**Problem to work on**
Your task is to write out the entire listing exactly, omitting its pictures.

**Recorded data**
──────────

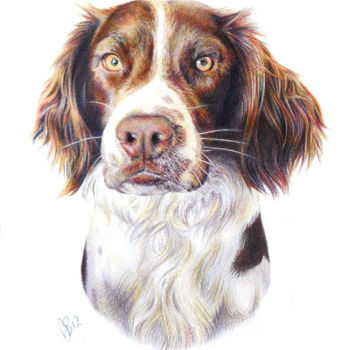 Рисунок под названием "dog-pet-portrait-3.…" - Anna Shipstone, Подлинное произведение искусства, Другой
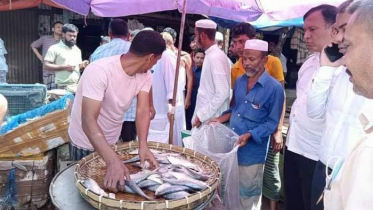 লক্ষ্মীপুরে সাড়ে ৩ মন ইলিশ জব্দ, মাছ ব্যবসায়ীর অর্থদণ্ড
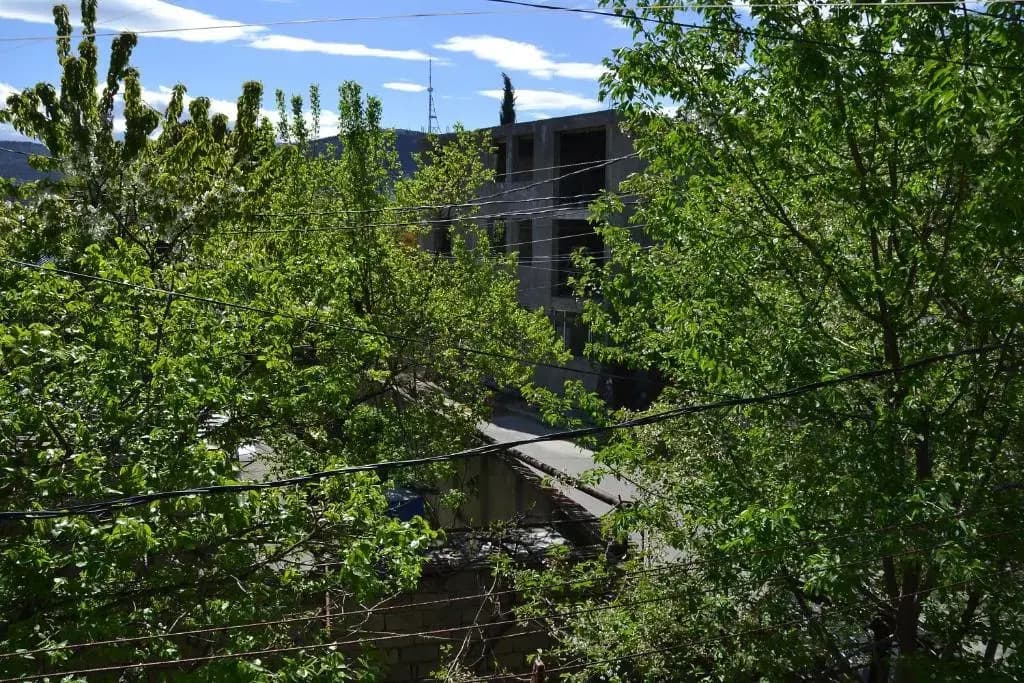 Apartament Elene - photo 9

──────────

**Exercise solution**
 Рисунок под названием "dog-pet-portrait-3.…" - Anna Shipstone, Подлинное произведение искусства, Другой
 লক্ষ্মীপুরে সাড়ে ৩ মন ইলিশ জব্দ, মাছ ব্যবসায়ীর অর্থদণ্ড
 Apartament Elene - photo 9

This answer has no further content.